Mondelēz said it will be able to tap into its global and North American scale by expanding Clif’s distribution and gaining further penetration in existing and new customers and channels in the U.S. In fiscal 2021, about 70% of Mondelēz’s $28.7 billion in revenue came outside North America from countries in Latin America; Asia, Middle East and Africa; and Europe.
“This transaction further advances our ambition to lead the future of snacking by winning in chocolate, biscuits and baked snacks as we continue to scale our high-growth snack bar business,” Mondelēz CEO Dirk Van de Put said in a statement.
Clif’s roots date back to 1990 when Gary Erickson set off on a one-day, 175-mile bicycle ride with his buddy, the company said on its website.
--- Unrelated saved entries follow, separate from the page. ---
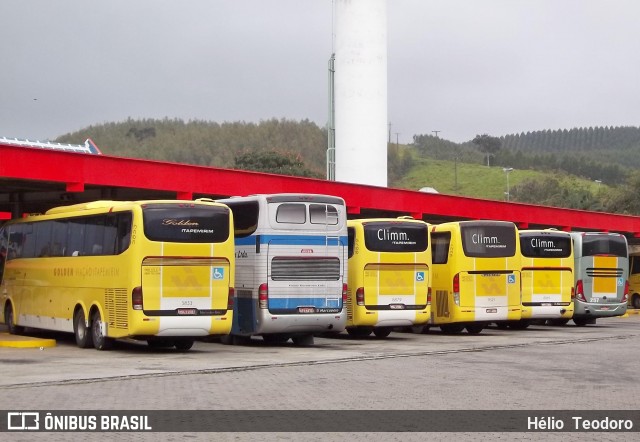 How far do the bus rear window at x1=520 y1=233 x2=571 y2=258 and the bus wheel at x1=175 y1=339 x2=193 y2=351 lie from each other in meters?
12.6

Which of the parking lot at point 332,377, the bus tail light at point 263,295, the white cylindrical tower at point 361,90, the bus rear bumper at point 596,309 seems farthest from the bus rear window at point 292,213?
the white cylindrical tower at point 361,90

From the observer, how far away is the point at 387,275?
86.2 feet

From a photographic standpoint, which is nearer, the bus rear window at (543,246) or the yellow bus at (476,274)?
the yellow bus at (476,274)

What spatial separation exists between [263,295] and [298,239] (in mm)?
1400

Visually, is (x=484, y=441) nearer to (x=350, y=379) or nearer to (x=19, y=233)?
(x=350, y=379)

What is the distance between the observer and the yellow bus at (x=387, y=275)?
2609 centimetres

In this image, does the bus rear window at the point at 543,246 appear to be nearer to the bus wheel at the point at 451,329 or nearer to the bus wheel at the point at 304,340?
the bus wheel at the point at 451,329

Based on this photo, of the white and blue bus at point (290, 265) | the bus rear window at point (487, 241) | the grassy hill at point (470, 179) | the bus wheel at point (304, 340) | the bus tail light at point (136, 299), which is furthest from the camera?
the grassy hill at point (470, 179)

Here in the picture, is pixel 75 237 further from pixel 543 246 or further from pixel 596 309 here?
pixel 596 309

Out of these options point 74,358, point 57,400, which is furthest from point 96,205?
point 57,400

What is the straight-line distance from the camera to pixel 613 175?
19600 centimetres

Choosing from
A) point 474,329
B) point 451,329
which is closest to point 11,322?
point 451,329

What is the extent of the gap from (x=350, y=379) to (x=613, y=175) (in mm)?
187672

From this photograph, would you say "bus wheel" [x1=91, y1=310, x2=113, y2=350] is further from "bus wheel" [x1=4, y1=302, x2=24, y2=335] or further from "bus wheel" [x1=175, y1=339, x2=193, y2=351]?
"bus wheel" [x1=4, y1=302, x2=24, y2=335] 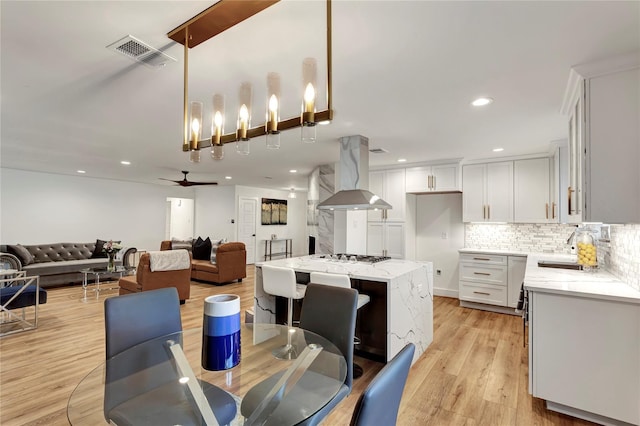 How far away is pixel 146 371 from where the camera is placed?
167cm

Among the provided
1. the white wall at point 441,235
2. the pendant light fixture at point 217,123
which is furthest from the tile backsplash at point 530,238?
the pendant light fixture at point 217,123

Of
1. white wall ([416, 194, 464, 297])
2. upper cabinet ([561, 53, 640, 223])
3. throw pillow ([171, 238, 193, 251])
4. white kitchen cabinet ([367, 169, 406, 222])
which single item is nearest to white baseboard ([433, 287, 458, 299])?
white wall ([416, 194, 464, 297])

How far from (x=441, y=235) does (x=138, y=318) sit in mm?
4996

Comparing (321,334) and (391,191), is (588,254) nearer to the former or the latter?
(321,334)

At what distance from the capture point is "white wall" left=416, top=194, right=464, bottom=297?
217 inches

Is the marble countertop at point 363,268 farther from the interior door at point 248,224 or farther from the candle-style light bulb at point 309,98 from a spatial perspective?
the interior door at point 248,224

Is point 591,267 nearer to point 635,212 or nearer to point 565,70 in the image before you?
point 635,212

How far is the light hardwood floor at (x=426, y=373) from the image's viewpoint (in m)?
2.20

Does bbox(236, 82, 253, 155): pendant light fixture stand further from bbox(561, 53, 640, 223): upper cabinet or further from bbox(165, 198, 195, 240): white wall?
bbox(165, 198, 195, 240): white wall

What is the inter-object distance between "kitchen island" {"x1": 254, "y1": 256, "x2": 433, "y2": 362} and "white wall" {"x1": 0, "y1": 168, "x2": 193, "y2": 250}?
6.62 metres

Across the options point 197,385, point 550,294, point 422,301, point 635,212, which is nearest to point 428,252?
point 422,301

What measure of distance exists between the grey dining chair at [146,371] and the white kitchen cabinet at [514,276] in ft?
14.3

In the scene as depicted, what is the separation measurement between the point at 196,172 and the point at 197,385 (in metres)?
5.98

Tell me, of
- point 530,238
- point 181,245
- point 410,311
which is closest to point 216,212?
point 181,245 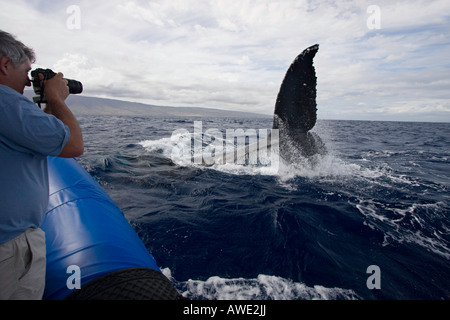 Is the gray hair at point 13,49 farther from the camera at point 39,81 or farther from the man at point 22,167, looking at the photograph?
the camera at point 39,81

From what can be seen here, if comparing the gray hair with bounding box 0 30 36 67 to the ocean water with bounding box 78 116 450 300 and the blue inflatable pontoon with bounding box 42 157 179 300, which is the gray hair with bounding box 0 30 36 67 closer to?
the blue inflatable pontoon with bounding box 42 157 179 300

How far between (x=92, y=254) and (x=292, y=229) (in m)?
3.51

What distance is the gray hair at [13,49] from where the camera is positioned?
5.08 ft

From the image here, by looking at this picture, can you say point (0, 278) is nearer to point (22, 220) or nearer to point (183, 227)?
point (22, 220)

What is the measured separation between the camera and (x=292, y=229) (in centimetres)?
457

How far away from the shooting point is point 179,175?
7.88 metres

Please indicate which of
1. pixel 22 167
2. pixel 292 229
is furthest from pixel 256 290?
pixel 22 167

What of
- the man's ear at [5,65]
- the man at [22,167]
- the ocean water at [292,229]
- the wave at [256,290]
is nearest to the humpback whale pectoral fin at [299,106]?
the ocean water at [292,229]

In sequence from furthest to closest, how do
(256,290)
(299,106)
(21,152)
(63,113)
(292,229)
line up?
(299,106) < (292,229) < (256,290) < (63,113) < (21,152)

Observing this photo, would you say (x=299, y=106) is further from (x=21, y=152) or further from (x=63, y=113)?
(x=21, y=152)

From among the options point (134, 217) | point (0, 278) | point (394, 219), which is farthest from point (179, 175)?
point (0, 278)

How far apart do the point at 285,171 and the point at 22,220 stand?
719cm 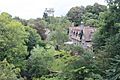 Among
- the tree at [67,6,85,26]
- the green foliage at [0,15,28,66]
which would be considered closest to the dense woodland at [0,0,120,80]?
the green foliage at [0,15,28,66]

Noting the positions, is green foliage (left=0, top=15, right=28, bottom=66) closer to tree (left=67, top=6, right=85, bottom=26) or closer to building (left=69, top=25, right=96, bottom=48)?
building (left=69, top=25, right=96, bottom=48)

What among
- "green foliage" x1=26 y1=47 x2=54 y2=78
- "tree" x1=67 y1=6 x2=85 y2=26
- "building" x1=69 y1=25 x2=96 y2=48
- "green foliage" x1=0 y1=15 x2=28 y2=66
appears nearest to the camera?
"green foliage" x1=0 y1=15 x2=28 y2=66

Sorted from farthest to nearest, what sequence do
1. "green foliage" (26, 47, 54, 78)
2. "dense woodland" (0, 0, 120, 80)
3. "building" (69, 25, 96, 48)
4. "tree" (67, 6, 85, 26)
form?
"tree" (67, 6, 85, 26) → "building" (69, 25, 96, 48) → "green foliage" (26, 47, 54, 78) → "dense woodland" (0, 0, 120, 80)

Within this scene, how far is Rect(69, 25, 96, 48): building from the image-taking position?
1766 inches

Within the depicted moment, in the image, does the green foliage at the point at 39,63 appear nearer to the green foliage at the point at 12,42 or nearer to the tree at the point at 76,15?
the green foliage at the point at 12,42

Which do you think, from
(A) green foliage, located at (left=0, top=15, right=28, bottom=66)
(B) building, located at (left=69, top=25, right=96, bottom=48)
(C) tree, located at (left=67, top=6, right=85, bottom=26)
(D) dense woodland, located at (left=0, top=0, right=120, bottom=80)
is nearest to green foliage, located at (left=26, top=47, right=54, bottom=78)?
(D) dense woodland, located at (left=0, top=0, right=120, bottom=80)

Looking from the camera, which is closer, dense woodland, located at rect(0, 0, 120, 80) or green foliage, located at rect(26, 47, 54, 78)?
dense woodland, located at rect(0, 0, 120, 80)

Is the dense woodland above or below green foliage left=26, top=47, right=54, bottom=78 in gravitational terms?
above

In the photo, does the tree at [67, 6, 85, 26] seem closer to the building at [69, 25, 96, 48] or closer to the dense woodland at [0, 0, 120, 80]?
the building at [69, 25, 96, 48]

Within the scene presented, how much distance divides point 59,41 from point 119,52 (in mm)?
31522

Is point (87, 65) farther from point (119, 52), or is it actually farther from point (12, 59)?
point (12, 59)

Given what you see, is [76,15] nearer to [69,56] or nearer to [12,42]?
[12,42]

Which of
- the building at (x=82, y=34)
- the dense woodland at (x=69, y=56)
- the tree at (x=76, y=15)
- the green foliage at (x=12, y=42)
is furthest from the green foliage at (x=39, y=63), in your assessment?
the tree at (x=76, y=15)

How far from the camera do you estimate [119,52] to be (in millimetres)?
15781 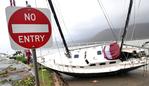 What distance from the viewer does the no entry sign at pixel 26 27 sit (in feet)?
10.6

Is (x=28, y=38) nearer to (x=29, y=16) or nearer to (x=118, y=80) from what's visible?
(x=29, y=16)

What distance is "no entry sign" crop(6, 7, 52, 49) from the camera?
324cm

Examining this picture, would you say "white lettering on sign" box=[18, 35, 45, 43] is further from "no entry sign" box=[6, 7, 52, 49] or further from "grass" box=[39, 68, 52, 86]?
"grass" box=[39, 68, 52, 86]

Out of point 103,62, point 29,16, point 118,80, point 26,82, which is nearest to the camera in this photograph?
point 29,16

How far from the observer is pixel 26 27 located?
331 cm

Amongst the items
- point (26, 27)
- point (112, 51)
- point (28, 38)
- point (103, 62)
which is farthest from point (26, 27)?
point (112, 51)

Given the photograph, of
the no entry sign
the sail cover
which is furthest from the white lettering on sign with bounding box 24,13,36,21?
the sail cover

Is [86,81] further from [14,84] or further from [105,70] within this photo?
[14,84]

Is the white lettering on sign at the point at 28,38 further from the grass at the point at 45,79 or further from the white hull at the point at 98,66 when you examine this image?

Halfway through the ride, exhausted and hungry, he realized he couldn’t eat another one of the “unappetizing, sticky, hard-to-digest bars” on the market and Clif was born. He named the bar, which was formally launched in 1992, after his dad Clifford who introduced him to wilderness adventures.
Clif has carved out a reputation in snacking with its nutritious and organic food snacks, creating a foothold in the fast-growing category along with other brands such as Kind. Large CPGs have taken notice. Mars purchased Kind in 2020 for an estimated price tag that valued it at more than $5 billion.
Clif finally agreed to be acquired for a much higher price tag after turning down a $120 million sale to Quaker Oats in 2000.
In buying Clif, Mondelēz is adding to the fold a snacking bar brand with a reputation in the well-being and nutrition/energy segments. It will quickly accelerate Mondelēz’s presence in the $16 billion global snack bar category that is growing more than 5% annually, the Chicago-based company said.
Clif also has a presence beyond its core organic energy bar in categories such as women with its Luna line, and children with Clif Kids. It also has entered the ultra-competitive plant-based jerky segment with its own offering, and debuted a cereal as well as energy gels and chews geared toward athletes. Mondelēz could further grow these extensions and potentially bring insight it garners from working with them into some of the other brands in its portfolio.
Mondelēz said it will continue to operate Clif Bar from its headquarters in Emeryville, California. It also will continue to manufacture Clif products in its facilities in Twin Falls, Idaho, and Indianapolis, Indiana.
“Mondelēz International is the right partner at the right time to support Clif in our next chapter of growth,” Sally Grimes, Clif’s CEO, said in a statement. “Our purposes and cultures are aligned and being part of a global snacking company with broad product offerings can help us accelerate our growth while staying true to our deeply ingrained Five Aspirations — sustaining our people, planet, community, business, and brands.”